--- Stored data ---
■ ■ ■
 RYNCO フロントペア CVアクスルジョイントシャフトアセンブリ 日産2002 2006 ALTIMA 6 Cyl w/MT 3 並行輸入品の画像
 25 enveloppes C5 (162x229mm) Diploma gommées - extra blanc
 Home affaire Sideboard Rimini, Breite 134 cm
■ ■ ■
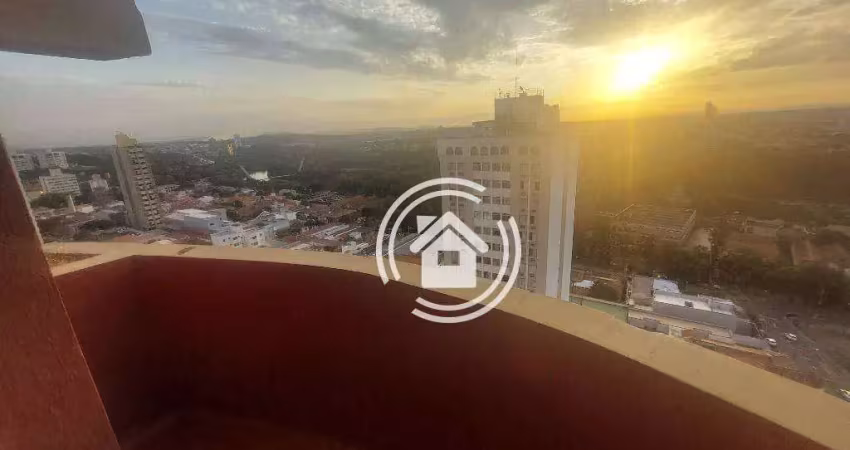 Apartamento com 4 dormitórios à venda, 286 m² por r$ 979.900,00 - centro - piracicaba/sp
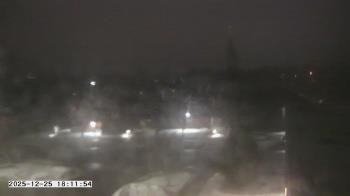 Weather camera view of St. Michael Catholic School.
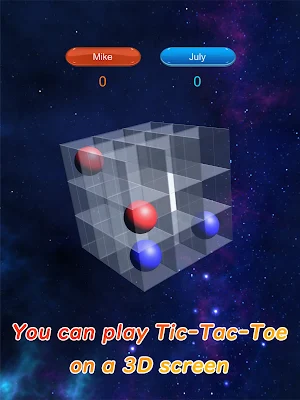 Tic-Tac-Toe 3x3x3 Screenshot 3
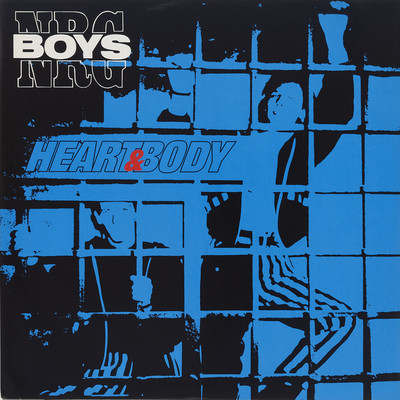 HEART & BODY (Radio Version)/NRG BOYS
■ ■ ■
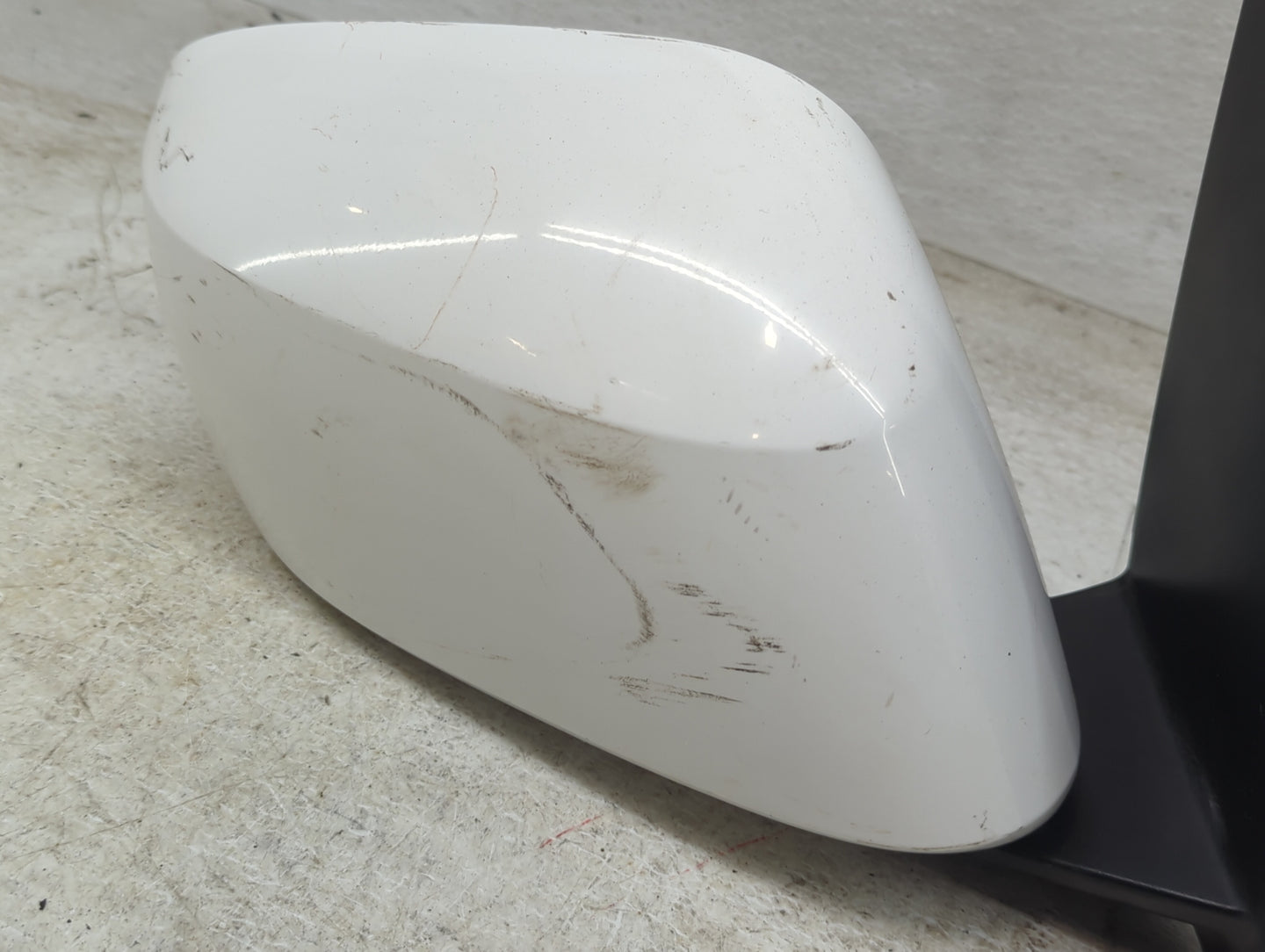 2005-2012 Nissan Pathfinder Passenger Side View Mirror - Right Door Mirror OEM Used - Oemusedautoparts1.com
■ ■ ■
--- Aim of the task ---
From the line containing "Apartamento com 4" through the line containing "HEART & BODY (Radio Version)/NRG BOYS", copy every line above exactly, without pictures.

--- Answer section ---
 Apartamento com 4 dormitórios à venda, 286 m² por r$ 979.900,00 - centro - piracicaba/sp
 Weather camera view of St. Michael Catholic School.
 Tic-Tac-Toe 3x3x3 Screenshot 3
 HEART & BODY (Radio Version)/NRG BOYS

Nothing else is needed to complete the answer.